LLM security engineering agents succeed on only 18% of real-world tasks
Another strong LLM security work from NeurIPS 2025.
Researchers from UIUC and Purdue introduced SEC-bench, the first automated benchmark that evaluates LLM agents on real-world software security tasks:
- Proof of Concept (PoC) generation — triggering the exact sanitizer-reported bug
- Vulnerability patching — fixing the issue without breaking functionality
Key findings: Current LLM agents remain far from reliable on real security engineering tasks.
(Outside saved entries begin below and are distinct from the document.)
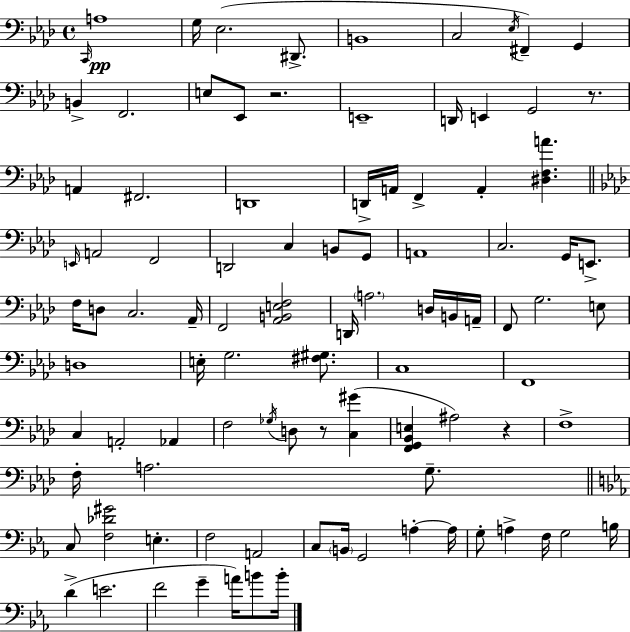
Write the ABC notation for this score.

X:1
T:Untitled
M:4/4
L:1/4
K:Fm
C,,/4 A,4 G,/4 _E,2 ^D,,/2 B,,4 C,2 _E,/4 ^F,, G,, B,, F,,2 E,/2 _E,,/2 z2 E,,4 D,,/4 E,, G,,2 z/2 A,, ^F,,2 D,,4 D,,/4 A,,/4 F,, A,, [^D,F,A] E,,/4 A,,2 F,,2 D,,2 C, B,,/2 G,,/2 A,,4 C,2 G,,/4 E,,/2 F,/4 D,/2 C,2 _A,,/4 F,,2 [_A,,B,,E,F,]2 D,,/4 A,2 D,/4 B,,/4 A,,/4 F,,/2 G,2 E,/2 D,4 E,/4 G,2 [^F,^G,]/2 C,4 F,,4 C, A,,2 _A,, F,2 _G,/4 D,/2 z/2 [C,^G] [F,,G,,_B,,E,] ^A,2 z F,4 F,/4 A,2 G,/2 C,/2 [F,_D^G]2 E, F,2 A,,2 C,/2 B,,/4 G,,2 A, A,/4 G,/2 A, F,/4 G,2 B,/4 D E2 F2 G A/4 B/2 B/4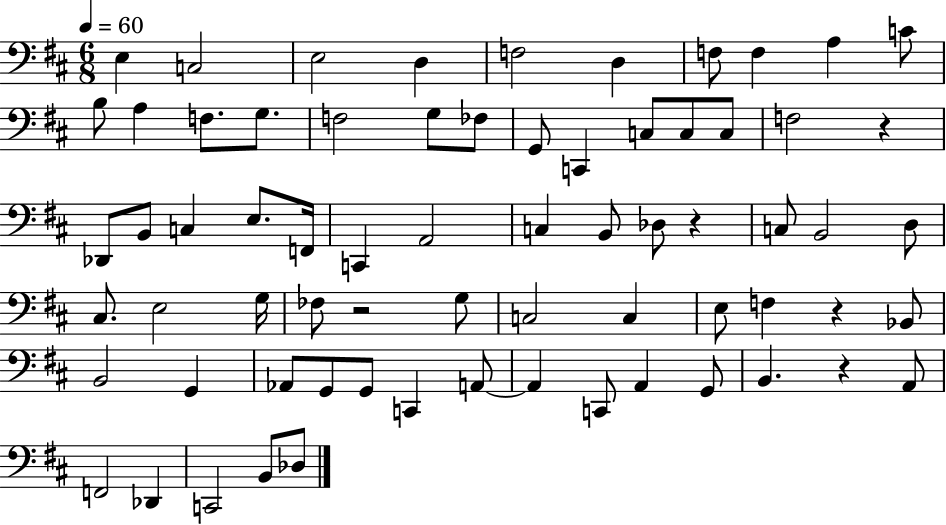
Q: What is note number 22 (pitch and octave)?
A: C3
Well-known LLM code agents — SWE-agent, OpenHands, and Aider — achieved only 18% success in PoC generation and 34% in vulnerability patching.
Realistic and up-to-date benchmarks are critical, but building and maintaining them is incredibly hard.
A couple of clever ideas from the authors:
- Use memory-safety sanitizers to validate fixes. This is a clever engineering choice, but it means the benchmark focuses on memory-safety vulnerabilities rather than being universal.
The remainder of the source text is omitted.